Definition of "Danger" - 905-1-IPG-062
Effective Date: October, 2014
Interpretation of the definition of "danger" as set out in subsection 122(1) Canada Labour Code , part II.
In 2014, Bill C-4, Economic Action Plan No. 2, amended the definition of danger. This was done to clarify and reduce the complexity of the definition. The purpose of this IPG is to provide assistance in the interpretation of the new definition and to support its consistent application.
Subsection 122(1) of the Code defines "danger" as:
"any hazard, condition or activity that could reasonably be expected to be an imminent or serious threat to the life or health of a person exposed to it before the hazard or condition can be corrected or the activity altered."
3. Characteristics of "danger" as defined in the Code
The main components of the definition are:
- "Hazard" means a source of harm or risk to an employee.
- "Condition" means circumstances, and in particular, those affecting the functioning or existence of something.
- "Activity" means the tasks directly related to the employee's duties.

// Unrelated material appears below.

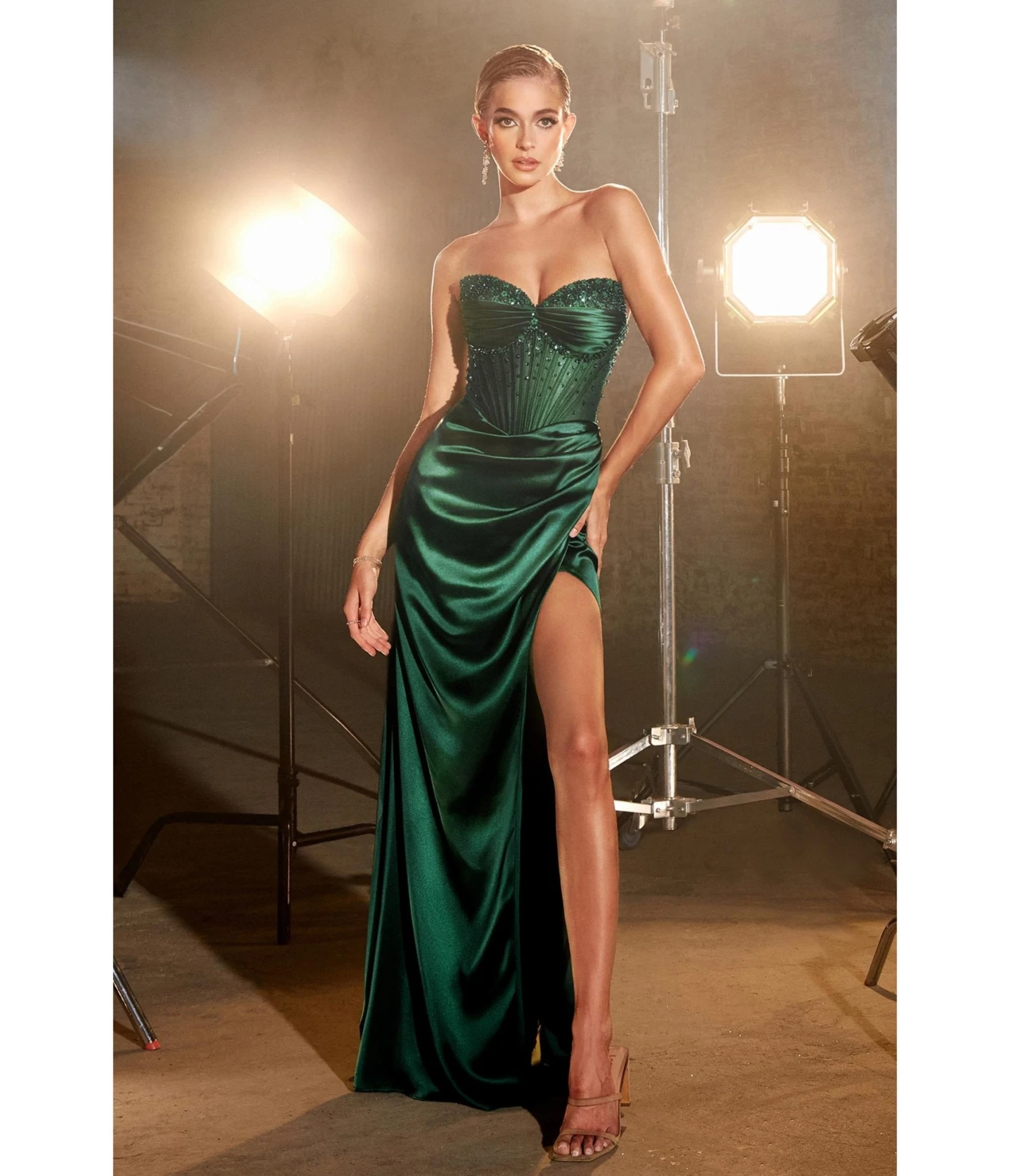 Cinderella Divine Emerald Beaded Satin Corset Prom Dress 2 Cinderella Divine Emerald Beaded Satin Corset Prom Dress - Image 2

3.2 Additional definitions
- "Reasonably expected" means:
Does not require that the threat materialize every time the hazard, condition or activity occurs;
It is not necessary to establish precisely the time when the threat will materialize nor does the threat need to materialize frequently;
Only requires that a person determines in what circumstances the threat could reasonably be expected to materialize;
There is more than one way to establish that a condition, hazard, or activity can reasonably be expected to be a threat. Evidence of actual injury in exactly the same circumstances is not required.
Other sources of evidence include: expert opinions; opinions of ordinary witnesses having the necessary experience; and inference arising logically or reasonably from known facts.
- "Imminent threat" means a threat on the point of happening.
- "Serious threat" means a substantial threat to health or life and includes potential substantial threat.
- "Life or health" includes injury and illness.
- "Continued refusal to work" refers to the employee's continued refusal to work following the employer's decision under subsection 128(15).
Upon notification of a continued refusal to work, the Official delegated by the Minister, with the appropriate authority must assess whether a danger exists; that is, whether the hazard, condition or activity in question are reasonably considered either an imminent threat or a serious threat before the hazard or condition can be corrected or the activity altered.
All of the components of the definition of "danger", including whether there is a serious or imminent threat "before the hazard or condition can be corrected or the activity altered", will be determined on the facts of each case.
Allegations of the existence of a danger should not be based on speculation or hypothesis.
Hazards, conditions or activities that are determined to not meet the definition of danger shall be referred back to the workplace.